*WHAT TO PRODUCE:* A complete answer retypes each of the records below precisely and includes none of the pictures.

----- ENTRIES SHOWN

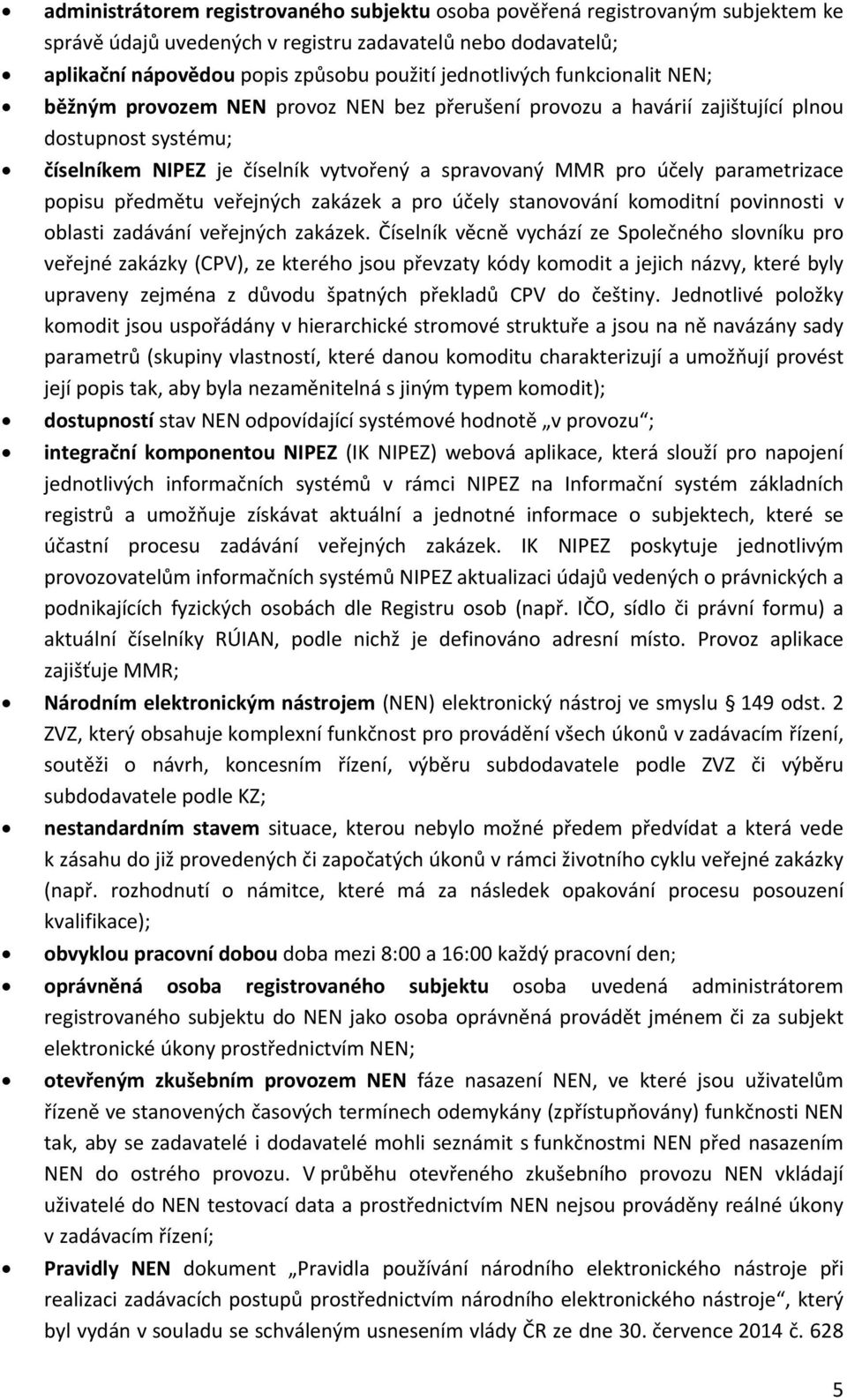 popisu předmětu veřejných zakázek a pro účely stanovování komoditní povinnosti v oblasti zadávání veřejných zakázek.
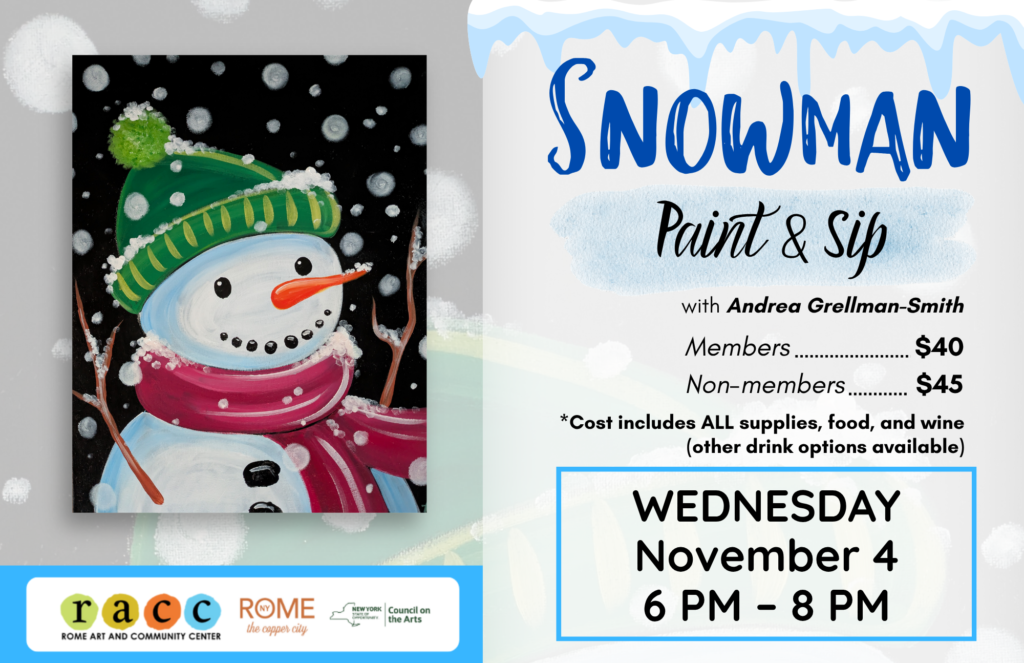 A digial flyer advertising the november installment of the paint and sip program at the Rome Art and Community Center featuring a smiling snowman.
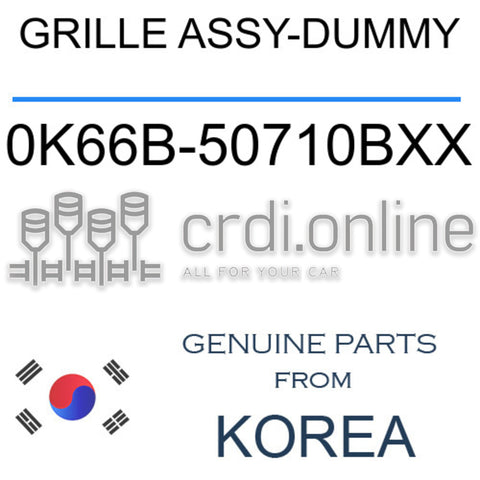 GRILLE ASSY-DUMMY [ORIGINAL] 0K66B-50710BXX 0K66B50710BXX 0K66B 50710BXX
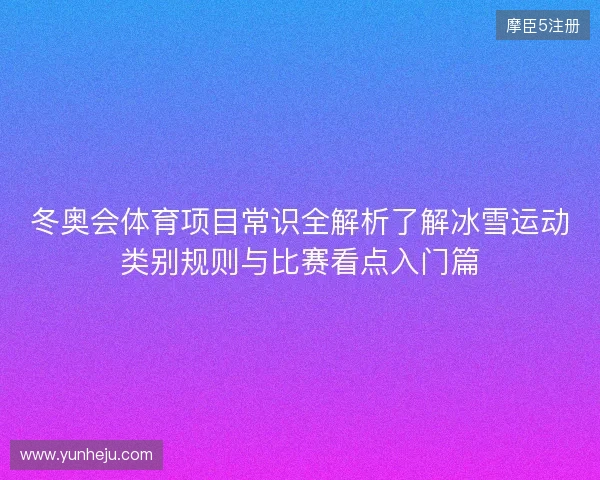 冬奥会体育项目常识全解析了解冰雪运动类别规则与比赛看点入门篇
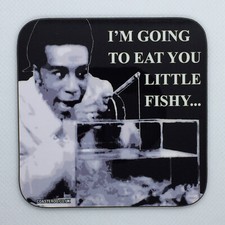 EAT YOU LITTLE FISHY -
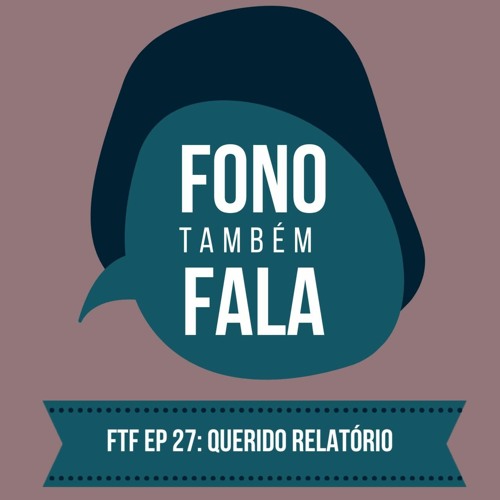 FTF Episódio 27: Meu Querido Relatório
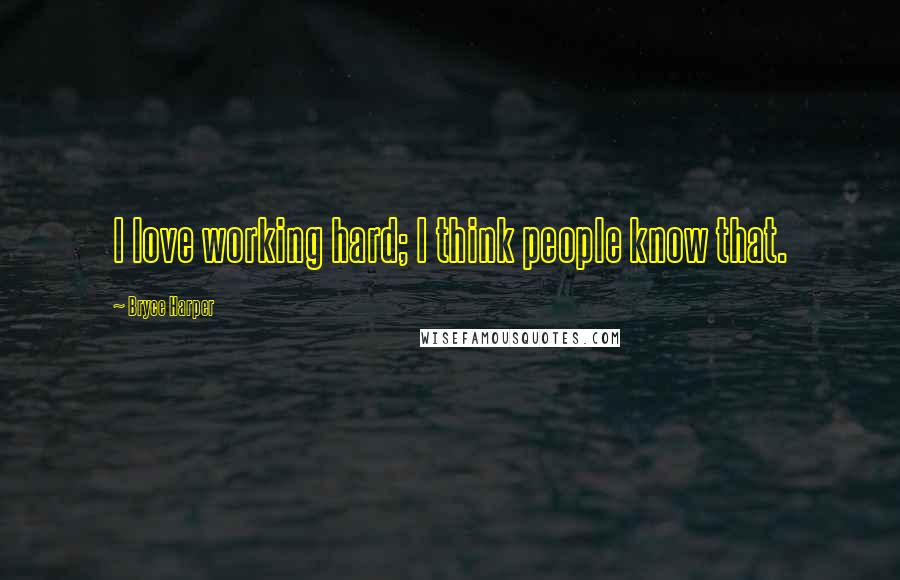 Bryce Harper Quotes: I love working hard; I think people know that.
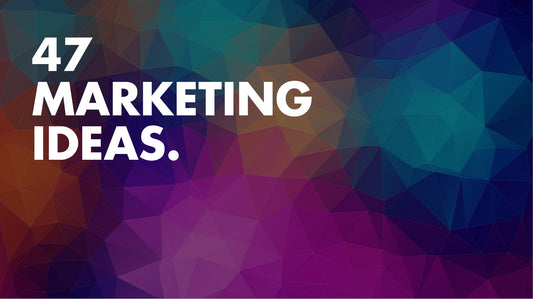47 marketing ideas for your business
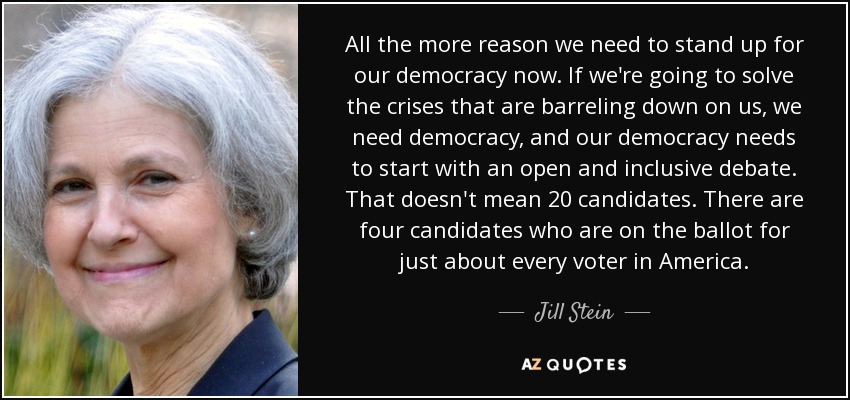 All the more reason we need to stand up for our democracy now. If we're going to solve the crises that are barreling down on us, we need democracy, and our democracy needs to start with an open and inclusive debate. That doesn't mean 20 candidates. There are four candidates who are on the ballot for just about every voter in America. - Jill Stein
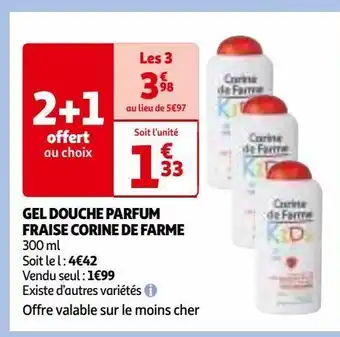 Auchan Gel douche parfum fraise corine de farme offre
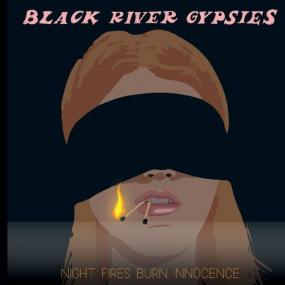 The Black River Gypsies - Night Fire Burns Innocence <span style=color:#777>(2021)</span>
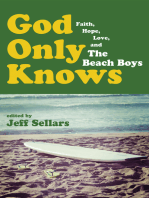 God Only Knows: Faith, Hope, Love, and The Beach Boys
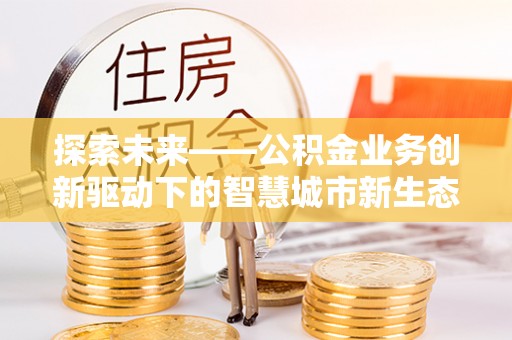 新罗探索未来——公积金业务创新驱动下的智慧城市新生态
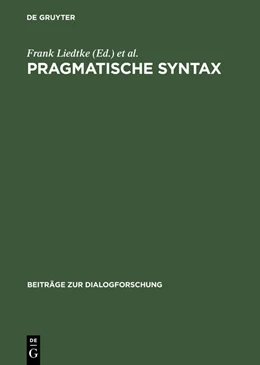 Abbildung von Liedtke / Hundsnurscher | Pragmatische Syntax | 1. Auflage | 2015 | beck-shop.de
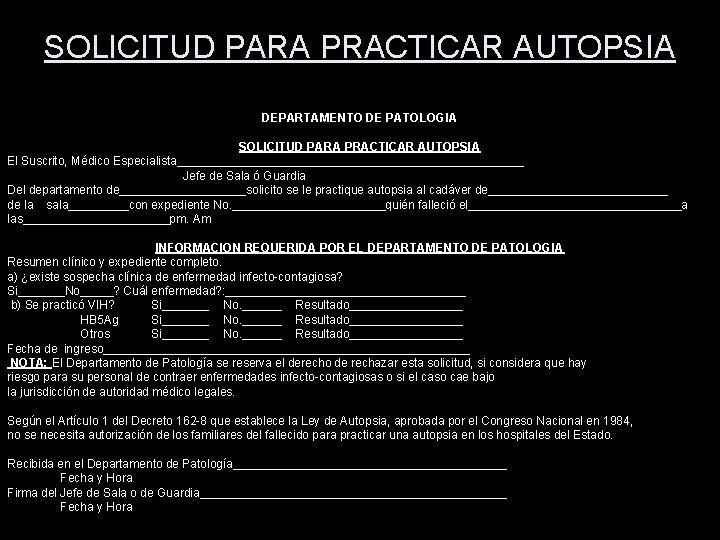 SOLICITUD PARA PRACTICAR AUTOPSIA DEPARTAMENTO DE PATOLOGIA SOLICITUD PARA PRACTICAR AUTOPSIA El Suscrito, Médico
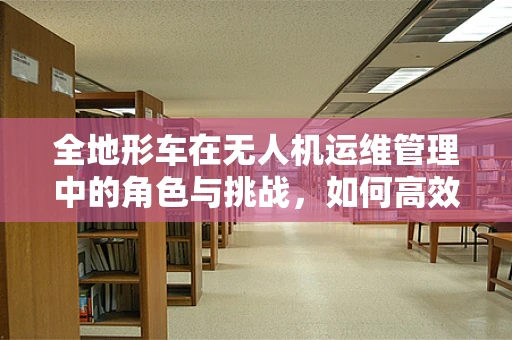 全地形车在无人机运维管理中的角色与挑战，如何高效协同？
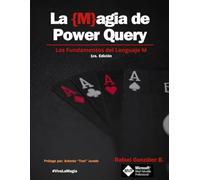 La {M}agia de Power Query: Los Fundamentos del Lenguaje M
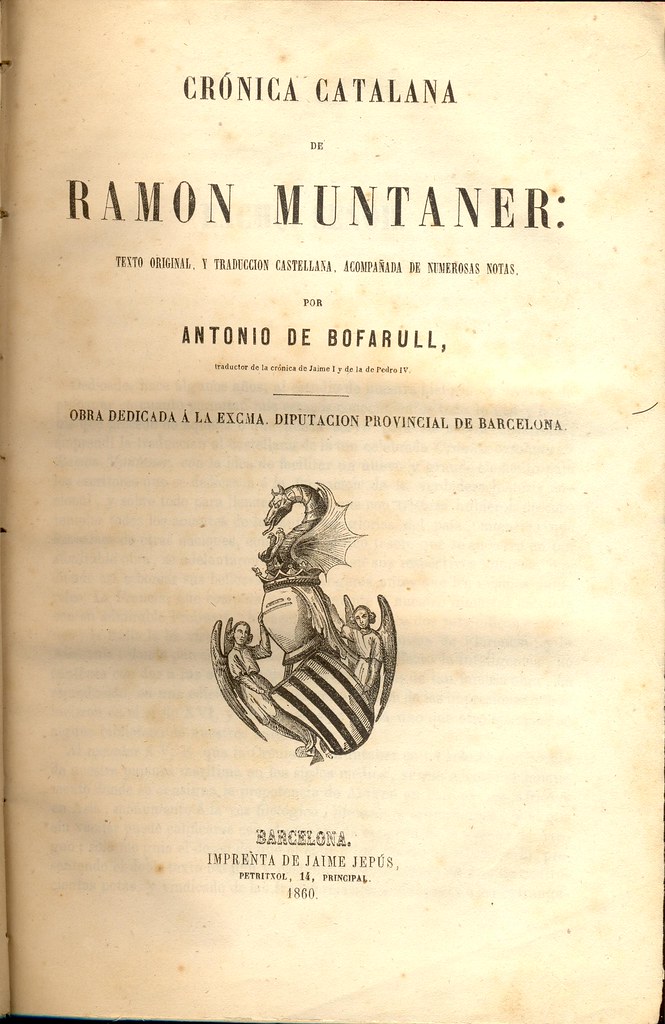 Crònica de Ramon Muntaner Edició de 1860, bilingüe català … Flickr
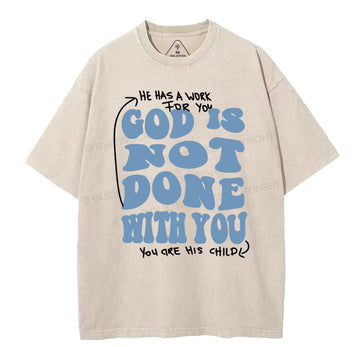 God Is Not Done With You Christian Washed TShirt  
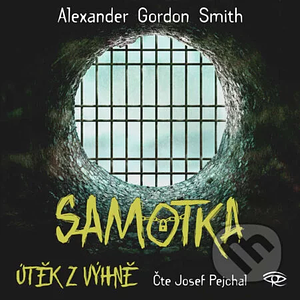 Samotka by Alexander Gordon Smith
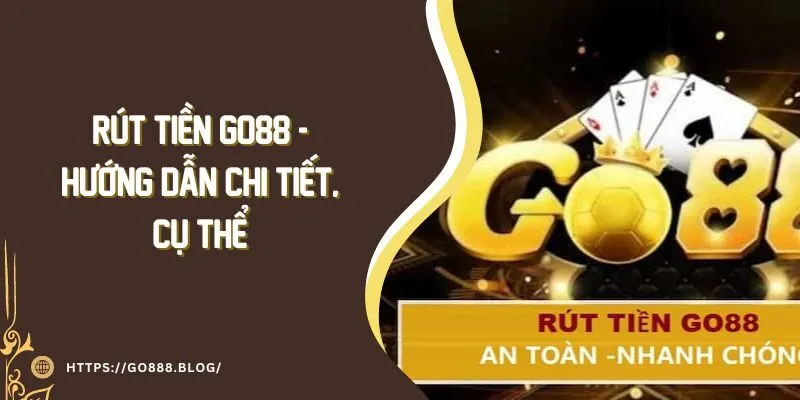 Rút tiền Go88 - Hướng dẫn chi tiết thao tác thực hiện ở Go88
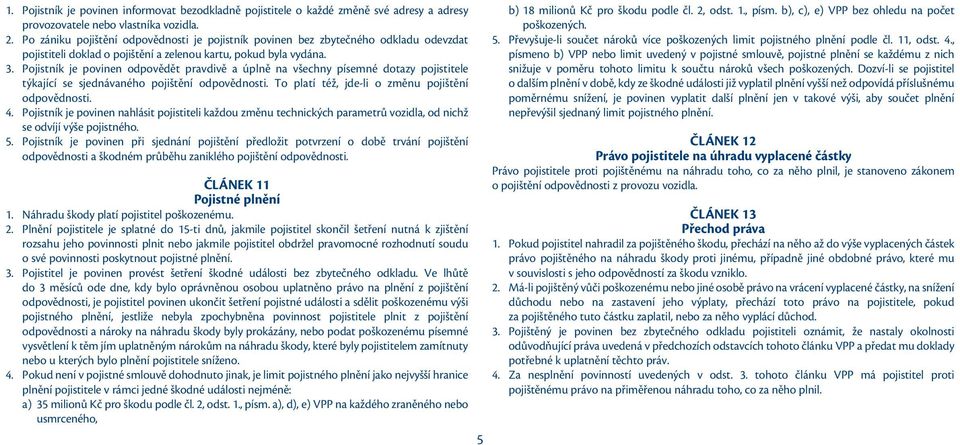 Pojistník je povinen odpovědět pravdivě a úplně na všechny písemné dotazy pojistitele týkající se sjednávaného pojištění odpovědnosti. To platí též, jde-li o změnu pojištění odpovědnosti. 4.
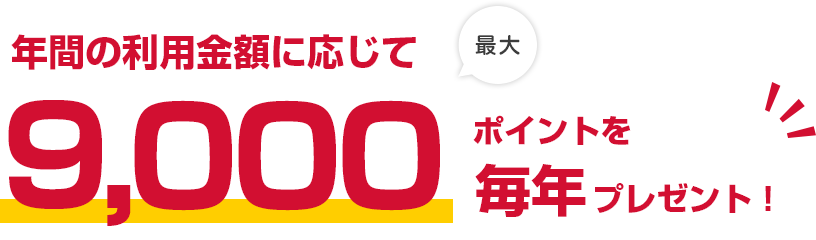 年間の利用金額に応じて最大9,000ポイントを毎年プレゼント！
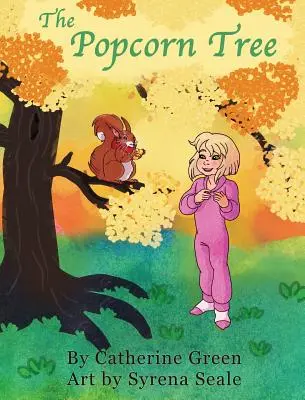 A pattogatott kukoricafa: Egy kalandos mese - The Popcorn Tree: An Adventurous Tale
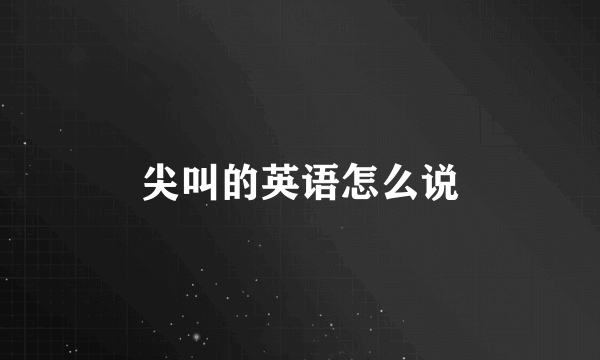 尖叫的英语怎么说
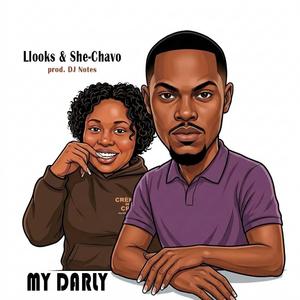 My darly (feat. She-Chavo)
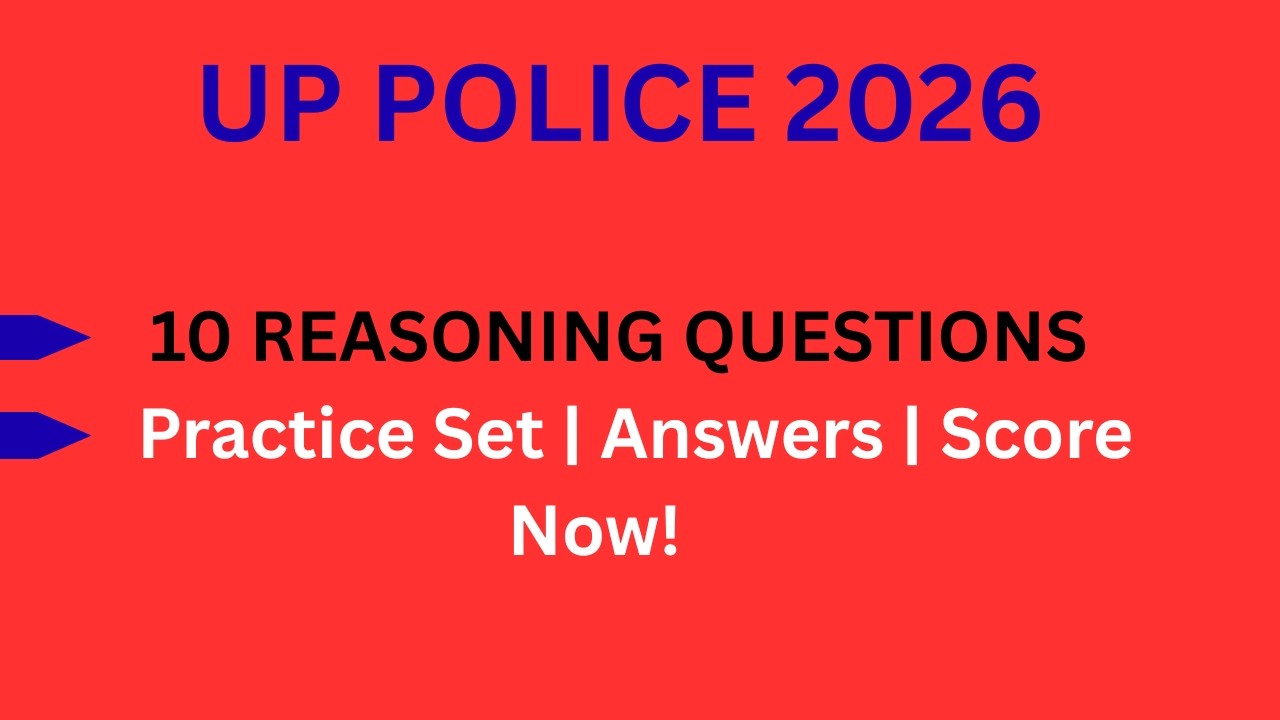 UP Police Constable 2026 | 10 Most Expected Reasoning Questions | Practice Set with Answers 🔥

----------

*ANSWER:*
 popisu předmětu veřejných zakázek a pro účely stanovování komoditní povinnosti v oblasti zadávání veřejných zakázek.
 A digial flyer advertising the november installment of the paint and sip program at the Rome Art and Community Center featuring a smiling snowman.
 GRILLE ASSY-DUMMY [ORIGINAL] 0K66B-50710BXX 0K66B50710BXX 0K66B 50710BXX
 冬奥会体育项目常识全解析了解冰雪运动类别规则与比赛看点入门篇
 EAT YOU LITTLE FISHY -
 FTF Episódio 27: Meu Querido Relatório
 Bryce Harper Quotes: I love working hard; I think people know that.
47 marketing ideas for your business
 All the more reason we need to stand up for our democracy now. If we're going to solve the crises that are barreling down on us, we need democracy, and our democracy needs to start with an open and inclusive debate. That doesn't mean 20 candidates. There are four candidates who are on the ballot for just about every voter in America. - Jill Stein
 Auchan Gel douche parfum fraise corine de farme offre
 The Black River Gypsies - Night Fire Burns Innocence <span style=color:#777>(2021)</span>
 God Only Knows: Faith, Hope, Love, and The Beach Boys
 新罗探索未来——公积金业务创新驱动下的智慧城市新生态
 Abbildung von Liedtke / Hundsnurscher | Pragmatische Syntax | 1. Auflage | 2015 | beck-shop.de
 SOLICITUD PARA PRACTICAR AUTOPSIA DEPARTAMENTO DE PATOLOGIA SOLICITUD PARA PRACTICAR AUTOPSIA El Suscrito, Médico
 全地形车在无人机运维管理中的角色与挑战，如何高效协同？
 La {M}agia de Power Query: Los Fundamentos del Lenguaje M
 Crònica de Ramon Muntaner Edició de 1860, bilingüe català … Flickr
 God Is Not Done With You Christian Washed TShirt  
 Samotka by Alexander Gordon Smith
 Rút tiền Go88 - Hướng dẫn chi tiết thao tác thực hiện ở Go88
 Pojistník je povinen odpovědět pravdivě a úplně na všechny písemné dotazy pojistitele týkající se sjednávaného pojištění odpovědnosti. To platí též, jde-li o změnu pojištění odpovědnosti. 4.
 年間の利用金額に応じて最大9,000ポイントを毎年プレゼント！
 A pattogatott kukoricafa: Egy kalandos mese - The Popcorn Tree: An Adventurous Tale
 尖叫的英语怎么说
 My darly (feat. She-Chavo)
 UP Police Constable 2026 | 10 Most Expected Reasoning Questions | Practice Set with Answers 🔥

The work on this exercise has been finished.